Problems reading from files

Discussion in 'C Programming' started by lancer6238@yahoo.com, Aug 25, 2007.

  1. Guest

    Hi all,
    I'm having programs reading from files.

    I have a text file "files.txt" that contains the names of the files to
    be opened, i.e. the contents of files.txt are

    Homo_sapiens.fa
    Rattus_norvegicus.fa

    (They are FA files that can be opened in any text editor.)
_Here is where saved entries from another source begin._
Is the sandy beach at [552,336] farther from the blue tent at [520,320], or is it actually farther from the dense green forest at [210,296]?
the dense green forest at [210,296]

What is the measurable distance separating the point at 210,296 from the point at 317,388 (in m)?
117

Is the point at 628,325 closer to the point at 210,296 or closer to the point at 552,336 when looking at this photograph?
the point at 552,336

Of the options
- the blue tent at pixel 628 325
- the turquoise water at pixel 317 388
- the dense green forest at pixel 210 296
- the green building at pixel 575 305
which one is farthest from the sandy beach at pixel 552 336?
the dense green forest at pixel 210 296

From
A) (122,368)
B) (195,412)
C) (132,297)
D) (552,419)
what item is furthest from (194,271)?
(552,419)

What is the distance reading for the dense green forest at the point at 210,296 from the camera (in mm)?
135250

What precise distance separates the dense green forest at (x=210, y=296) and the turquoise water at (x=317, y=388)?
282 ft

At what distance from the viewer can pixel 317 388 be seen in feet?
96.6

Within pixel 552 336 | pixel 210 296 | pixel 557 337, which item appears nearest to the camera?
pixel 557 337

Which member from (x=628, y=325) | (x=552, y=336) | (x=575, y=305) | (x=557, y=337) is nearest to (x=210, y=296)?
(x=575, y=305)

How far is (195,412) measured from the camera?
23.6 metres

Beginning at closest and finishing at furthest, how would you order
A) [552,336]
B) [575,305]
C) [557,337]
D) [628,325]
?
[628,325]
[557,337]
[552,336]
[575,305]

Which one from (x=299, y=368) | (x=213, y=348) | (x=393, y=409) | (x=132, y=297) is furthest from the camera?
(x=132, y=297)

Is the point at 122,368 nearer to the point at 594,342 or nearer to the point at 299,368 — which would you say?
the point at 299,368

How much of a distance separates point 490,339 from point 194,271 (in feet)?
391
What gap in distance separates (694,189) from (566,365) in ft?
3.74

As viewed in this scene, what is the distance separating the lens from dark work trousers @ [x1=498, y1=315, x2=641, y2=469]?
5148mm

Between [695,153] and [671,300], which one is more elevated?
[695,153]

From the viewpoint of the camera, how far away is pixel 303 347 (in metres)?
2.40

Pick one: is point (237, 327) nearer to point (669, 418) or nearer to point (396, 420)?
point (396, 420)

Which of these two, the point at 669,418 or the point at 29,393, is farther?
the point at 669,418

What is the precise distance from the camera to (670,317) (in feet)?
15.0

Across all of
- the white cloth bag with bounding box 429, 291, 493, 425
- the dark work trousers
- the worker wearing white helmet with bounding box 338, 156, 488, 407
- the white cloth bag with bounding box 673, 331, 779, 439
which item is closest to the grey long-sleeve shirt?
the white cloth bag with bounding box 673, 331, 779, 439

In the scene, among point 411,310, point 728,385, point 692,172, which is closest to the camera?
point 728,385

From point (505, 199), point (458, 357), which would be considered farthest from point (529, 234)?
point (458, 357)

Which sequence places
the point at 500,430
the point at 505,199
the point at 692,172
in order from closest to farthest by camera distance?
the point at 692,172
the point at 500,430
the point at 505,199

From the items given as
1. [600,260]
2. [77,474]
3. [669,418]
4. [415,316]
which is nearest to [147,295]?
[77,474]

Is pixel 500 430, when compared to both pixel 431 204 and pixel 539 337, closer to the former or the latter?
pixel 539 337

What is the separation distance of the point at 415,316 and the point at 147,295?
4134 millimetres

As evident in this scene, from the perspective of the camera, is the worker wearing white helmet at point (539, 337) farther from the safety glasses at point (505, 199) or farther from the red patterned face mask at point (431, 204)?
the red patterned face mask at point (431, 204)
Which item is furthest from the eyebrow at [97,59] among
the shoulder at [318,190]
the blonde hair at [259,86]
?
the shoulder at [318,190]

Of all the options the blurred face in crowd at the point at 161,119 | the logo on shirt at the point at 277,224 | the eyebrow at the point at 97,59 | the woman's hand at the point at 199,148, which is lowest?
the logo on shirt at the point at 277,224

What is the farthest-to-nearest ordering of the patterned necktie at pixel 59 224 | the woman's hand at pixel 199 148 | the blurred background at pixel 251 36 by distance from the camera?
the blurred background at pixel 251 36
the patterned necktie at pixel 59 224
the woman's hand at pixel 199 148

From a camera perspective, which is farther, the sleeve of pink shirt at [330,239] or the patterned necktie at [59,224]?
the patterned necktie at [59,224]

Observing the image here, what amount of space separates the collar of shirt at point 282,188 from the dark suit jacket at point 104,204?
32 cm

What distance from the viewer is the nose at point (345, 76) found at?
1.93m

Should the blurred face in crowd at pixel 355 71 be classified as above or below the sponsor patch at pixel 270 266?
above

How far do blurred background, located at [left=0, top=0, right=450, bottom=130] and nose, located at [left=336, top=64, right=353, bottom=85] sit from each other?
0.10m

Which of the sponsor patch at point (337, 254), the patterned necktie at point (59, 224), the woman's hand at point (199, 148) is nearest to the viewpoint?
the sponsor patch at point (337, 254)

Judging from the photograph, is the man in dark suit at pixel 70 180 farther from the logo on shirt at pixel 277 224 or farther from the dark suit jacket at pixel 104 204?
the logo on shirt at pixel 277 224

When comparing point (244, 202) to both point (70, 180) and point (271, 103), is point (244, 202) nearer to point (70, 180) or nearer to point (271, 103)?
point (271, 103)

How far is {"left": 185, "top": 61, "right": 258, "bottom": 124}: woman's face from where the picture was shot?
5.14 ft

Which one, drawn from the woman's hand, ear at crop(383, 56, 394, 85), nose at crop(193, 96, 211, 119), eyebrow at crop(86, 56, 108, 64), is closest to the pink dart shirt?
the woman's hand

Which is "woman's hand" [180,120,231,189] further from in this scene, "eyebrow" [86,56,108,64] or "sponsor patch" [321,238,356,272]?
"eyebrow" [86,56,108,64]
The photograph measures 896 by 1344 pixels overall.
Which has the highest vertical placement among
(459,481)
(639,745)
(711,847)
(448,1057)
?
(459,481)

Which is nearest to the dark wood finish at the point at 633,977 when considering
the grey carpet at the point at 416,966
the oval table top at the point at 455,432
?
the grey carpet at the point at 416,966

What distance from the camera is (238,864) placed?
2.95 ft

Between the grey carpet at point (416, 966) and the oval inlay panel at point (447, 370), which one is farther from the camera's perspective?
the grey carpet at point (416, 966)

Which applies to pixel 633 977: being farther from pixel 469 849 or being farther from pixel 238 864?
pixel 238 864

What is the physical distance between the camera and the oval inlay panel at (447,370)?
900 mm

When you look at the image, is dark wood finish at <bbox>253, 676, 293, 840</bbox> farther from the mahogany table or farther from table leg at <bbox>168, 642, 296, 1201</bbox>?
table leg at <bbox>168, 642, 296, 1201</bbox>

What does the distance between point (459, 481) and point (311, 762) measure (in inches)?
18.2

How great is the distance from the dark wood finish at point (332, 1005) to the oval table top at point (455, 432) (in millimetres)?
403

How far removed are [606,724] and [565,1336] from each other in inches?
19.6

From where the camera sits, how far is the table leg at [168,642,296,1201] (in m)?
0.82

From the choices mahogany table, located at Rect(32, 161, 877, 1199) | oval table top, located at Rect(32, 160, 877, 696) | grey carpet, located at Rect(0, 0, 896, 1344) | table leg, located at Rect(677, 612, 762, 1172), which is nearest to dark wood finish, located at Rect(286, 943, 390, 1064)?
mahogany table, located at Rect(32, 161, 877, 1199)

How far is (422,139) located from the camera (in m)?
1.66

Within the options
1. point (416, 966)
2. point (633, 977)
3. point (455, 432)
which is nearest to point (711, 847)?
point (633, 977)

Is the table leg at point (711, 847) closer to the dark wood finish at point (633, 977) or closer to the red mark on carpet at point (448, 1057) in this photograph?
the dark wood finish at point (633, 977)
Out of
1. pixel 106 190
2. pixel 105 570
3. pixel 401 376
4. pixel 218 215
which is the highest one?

    Each of the FA files contains a number in the first line and a string
    of characters (A,T,G or C). For example, the Homo_sapiens.fa file
    would contain

    16571
    GATCACAGGTCTATCACCCTATTAACCACTCACGGGAGCTCTCCATGCATTTGGTATTTT
    CGTCTGGGGGGTGTGCACGCGATAGCATTGCGAGACGCTGGAGCCGGAGCACCCTATGTC
    GCAGTATCTGTCTTTGATTCCTGCCTCATTCTATTATTTATCGCACCTACGTTCAATATT
    ACAGGCGAACATACCTACTAAAGTGTGTTAATTAATTAATGCTTGTAGGACATAATAATA

    and so on, with 16571 A,T,G or Cs.

    Below is my code:

    #include <stdio.h>
    #include <stdlib.h>

    #define MAX_FILE 100 // maximum length of file name
    #define MAX_SEQ 20000 // maximum length of sequence
    #define N 2 // total number of sequences

    int main(void)
    {
    FILE *fin, *fin1, *fout;
    char input[MAX_FILE+1], seq[N][MAX_SEQ+1], c;
    int size[N], i = 0, j = 0;

    fin = fopen("files.txt", "r");
    fout = fopen("output.txt", "w");
    while (fscanf(fin, "%s", input) != EOF)
    {
    fin1 = fopen(input, "r");
    printf("%s\n", input);
    fscanf(fin1, "%d ", &size);
    printf("%d\n", size);
    while ((c = fgetc(fin1)) != EOF)
    {
    fprintf(fout, "%c", c);
    if (c != '\n')
    seq[j] = c;
    j++;
    if (j % 100 == 0)
    printf("%c", seq[j]);
    }
    fprintf(fout, "\n\n");
    j = 0;
    i++;
    }

    fclose(fin);
    fclose(fin1);
    fclose(fout);
    return 0;
    }

    The printf statements for me to check my code.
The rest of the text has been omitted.